B) One-click scripts (both required; GUI/MIXED = start-server only)
- run.sh (macOS/Linux)
- run.bat (Windows)
Script requirements (all bundles):
- Must assume the default dev machine environment is ready.
- Non-destructive:
- MUST NOT modify global environment
- MUST NOT globally install dependencies
- MUST NOT write to system directories
- Must be runnable from ANY working directory:
- the script MUST cd/pushd to its own directory first, then resolve paths from there.
Hard rule (when SCOPE includes GUI):
- run.sh/run.bat MUST be start-server only:
- MUST: start the local service and print the access URL/port (e.g., http://127.0.0.1:<PORT>/)
- MUST NOT: copy/overwrite data files, mutate state/inputs, generate exports/outputs, run tests, run exports, probe/install dependencies, or perform environment probes (python/uv version checks do NOT belong in GUI start scripts)
- Any required “copy/seed/prepare input/state” steps MUST be documented as exact commands/steps in task.md (and referenced by tests/gui_runbook_*.md) for the Supervisor to execute and record in EVIDENCE.
For CLI bundles (or the CLI portion of MIXED):
- run.sh/run.bat SHOULD print key results to console and SHOULD write logs to logs/.
- Environment provenance SHOULD be documented as optional preflight commands in task.md (not forced into GUI start scripts), e.g.:
- interpreter path + version (Python/Node if used)
- uv --version when Python/uv is involved
- When provenance is executed, it SHOULD be recorded to logs/.
C) Test asset folders (create the ones that apply)
- `logs/` MUST exist (always):
- run logs, env/version info, command transcript, GUI screenshot index, etc.
- `tests/` MUST exist when:
- SCOPE includes GUI (MCP-driven via `playwright-mcp`), OR
- validation is not fully expressible as simple CLI assertions.

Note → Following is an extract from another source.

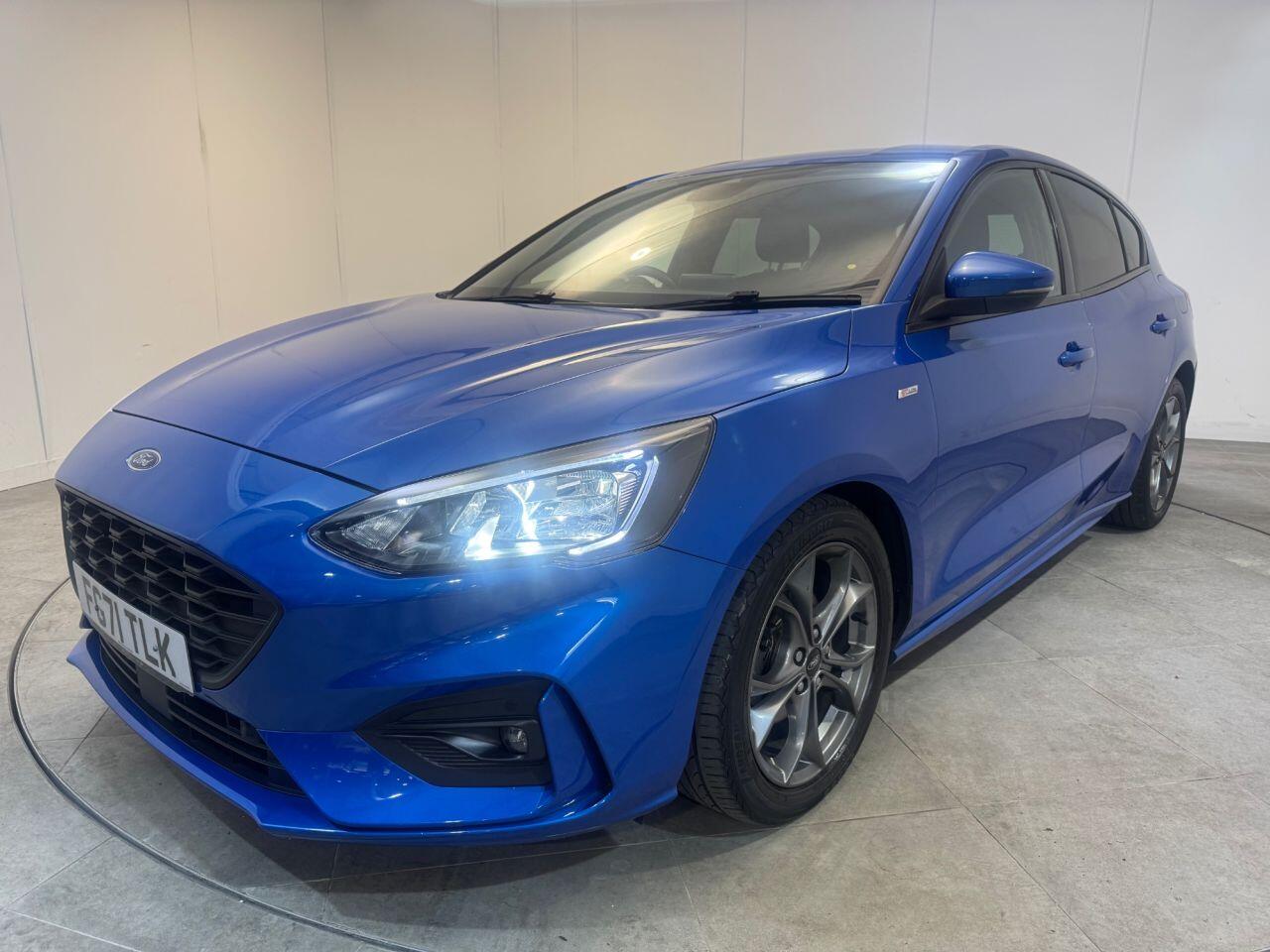 Ford Focus view 21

- `inputs/` MUST exist when the task involves file input (see I/O hard rule below).
- `outputs/` MUST exist when the validation produces file outputs (see I/O hard rule below).
- `expected/` SHOULD exist when golden-file comparison is used; otherwise rule-based assertions are acceptable.
4) Hard rule: “input file + output file + output validation”
If the task validation is “given an input produces an output” in ANY form:
- `inputs/` MUST contain at least one reproducible input sample.
- `run.*` MUST write the real produced outputs into `outputs/` (never into random temp/system dirs).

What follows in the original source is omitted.